== Record excerpts ==
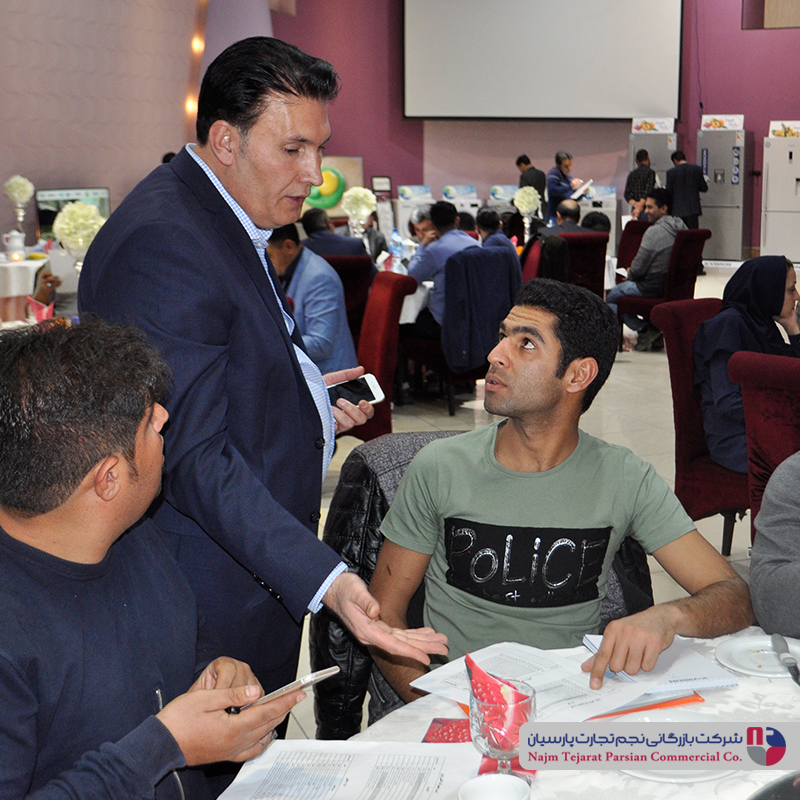 همایش فروش ایکس ویژن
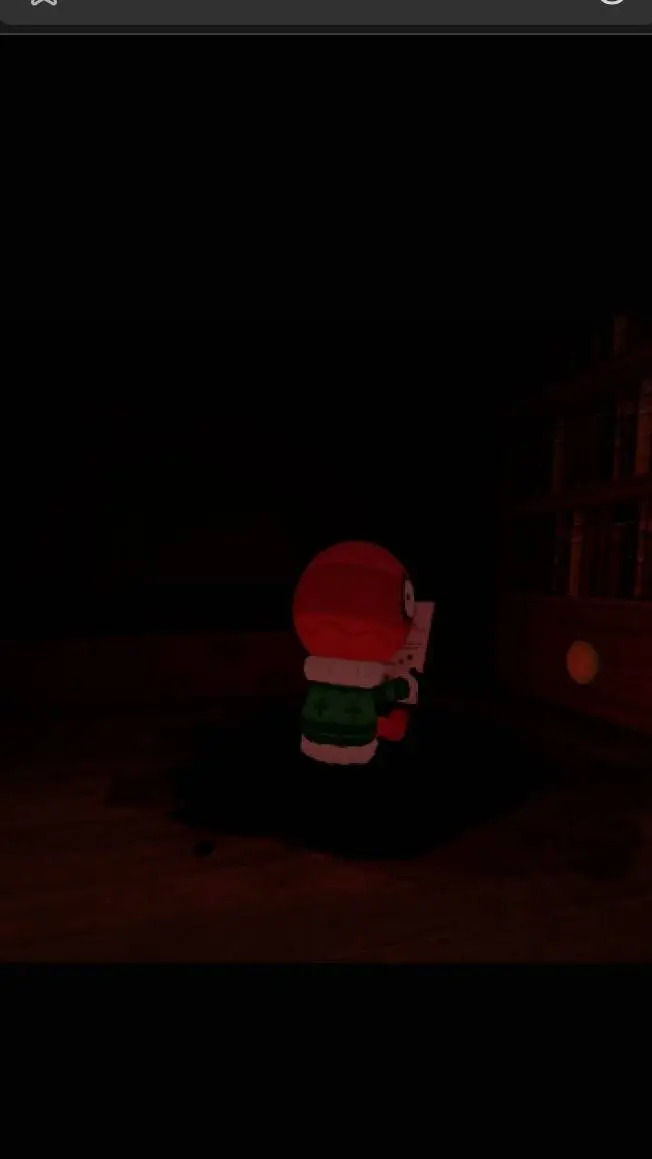 ai character: bobette? background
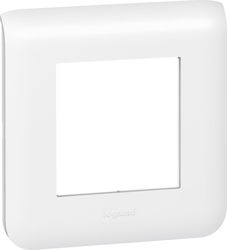 Legrand Mosaic Πλαίσιο Διακόπτη Κάθετης Τοποθέτησης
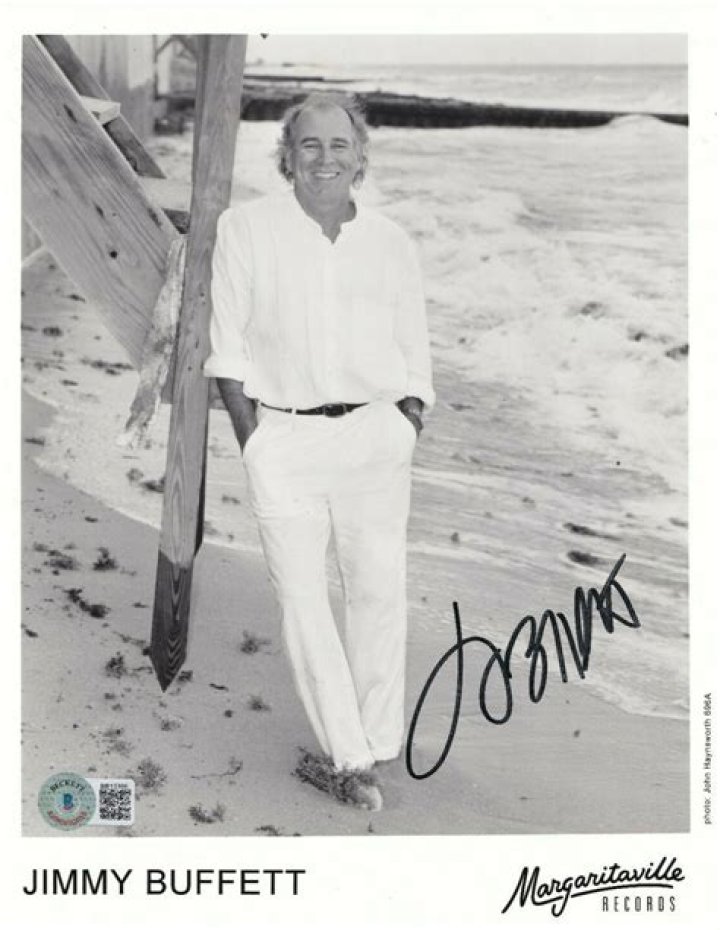 What Does Jimmy Buffett's Son Do? Exploring the Life and Career of Cameron Buffett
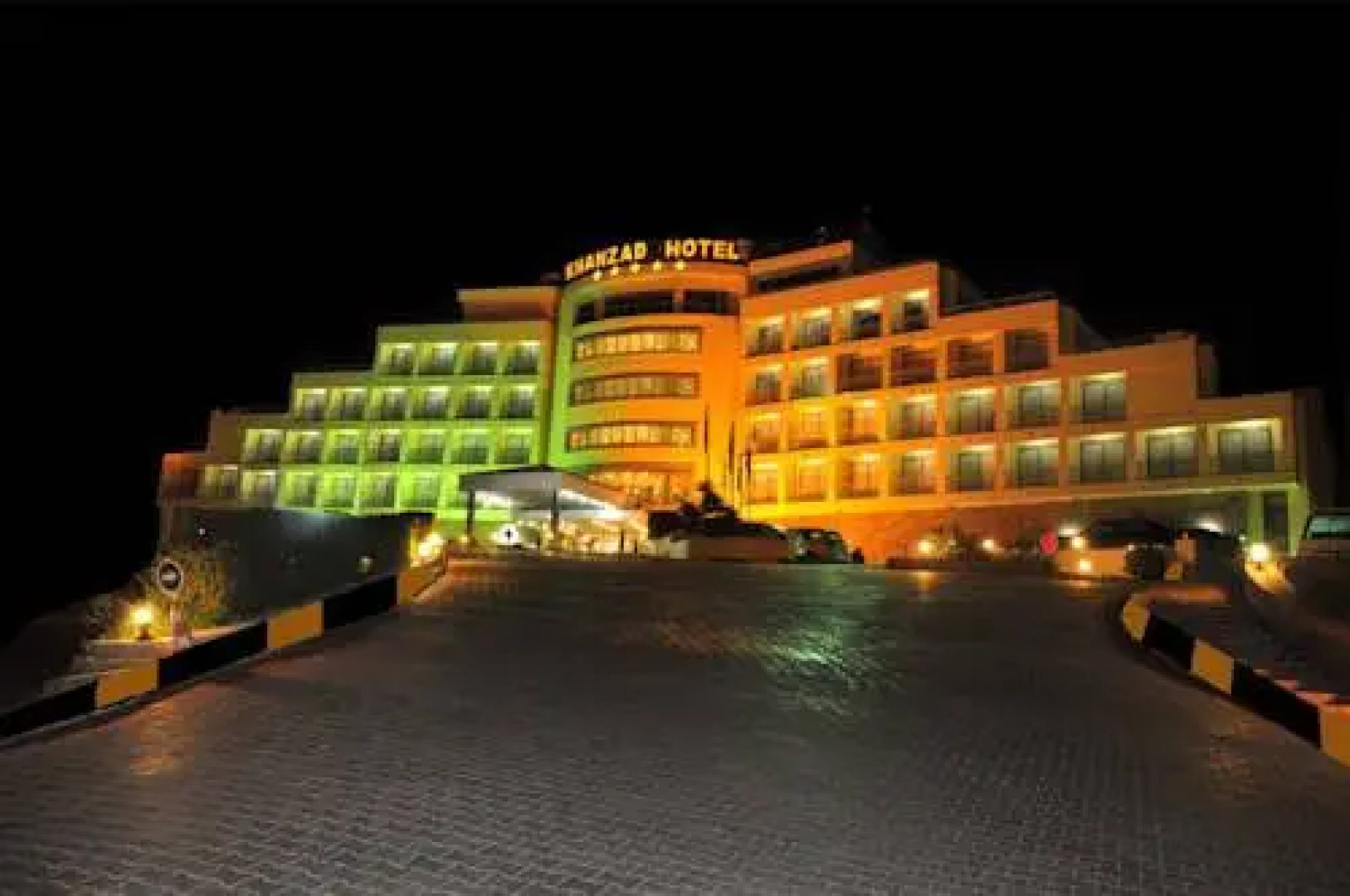 Khanzad International Hotel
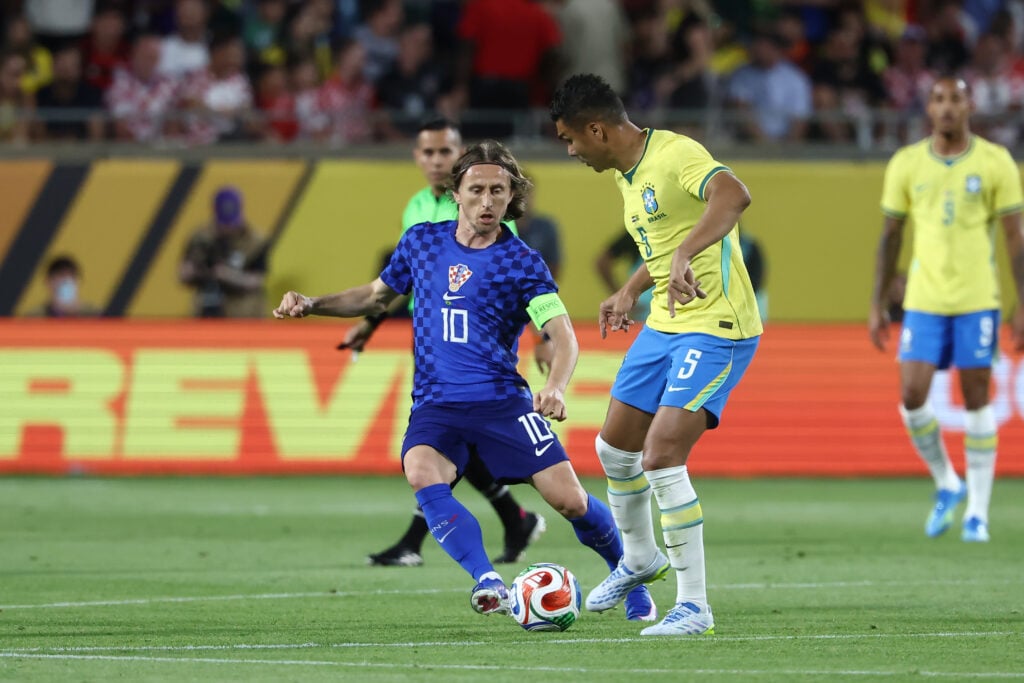 FUTEBOL: 31 DE MARÇO rumo aos 26 Brasil x Croácia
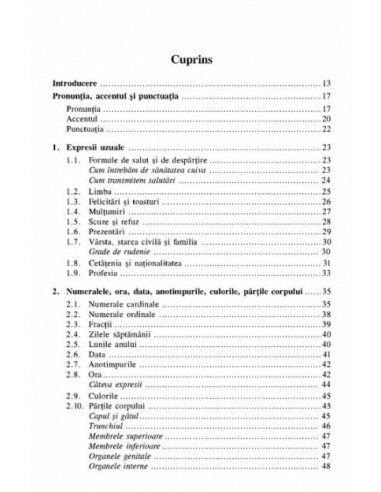 El espanol para ti. Manual de...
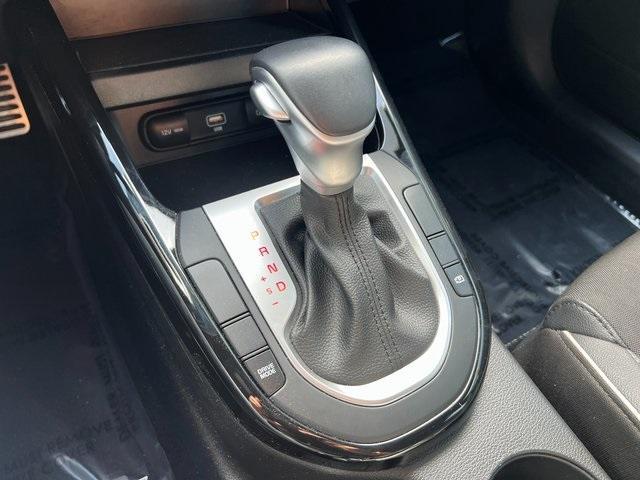 used 2023 Kia Forte car, priced at $21,464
===
## Problem statement
Retype the listing verbatim, minus every image.

## Finished task
 همایش فروش ایکس ویژن
 ai character: bobette? background
 Legrand Mosaic Πλαίσιο Διακόπτη Κάθετης Τοποθέτησης
 What Does Jimmy Buffett's Son Do? Exploring the Life and Career of Cameron Buffett
 Khanzad International Hotel
 FUTEBOL: 31 DE MARÇO rumo aos 26 Brasil x Croácia
 El espanol para ti. Manual de...
 used 2023 Kia Forte car, priced at $21,464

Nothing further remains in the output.